──────── THE DATA ────────

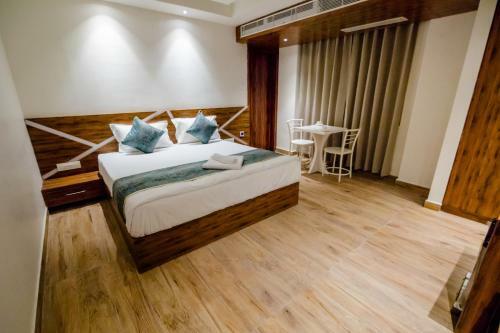Hotel Kanchan View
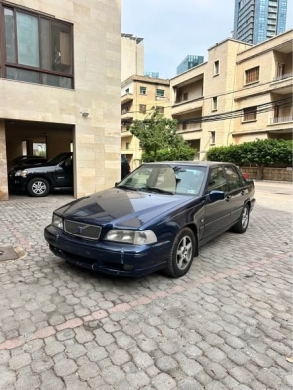 Volvo S70 Model 2000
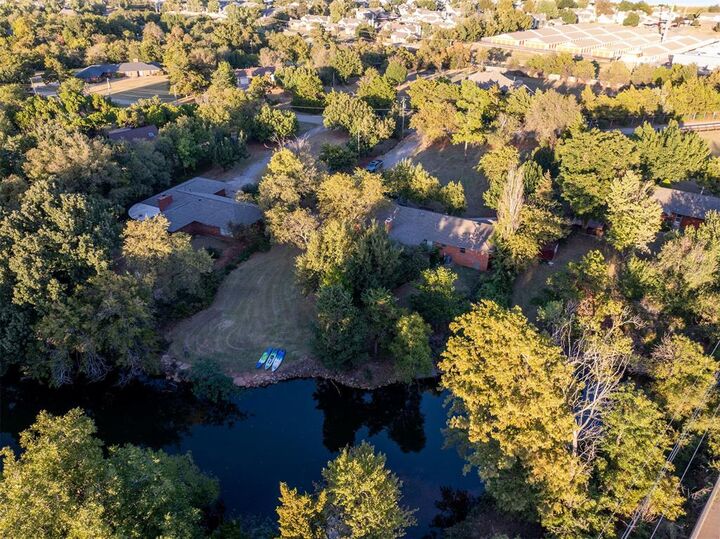 Property Photo:  9405 Silver Lake Drive  OK 73162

────────

In full and without any pictures, print the listing above exactly.

TASK ANSWER —
Hotel Kanchan View
 Volvo S70 Model 2000
 Property Photo:  9405 Silver Lake Drive  OK 73162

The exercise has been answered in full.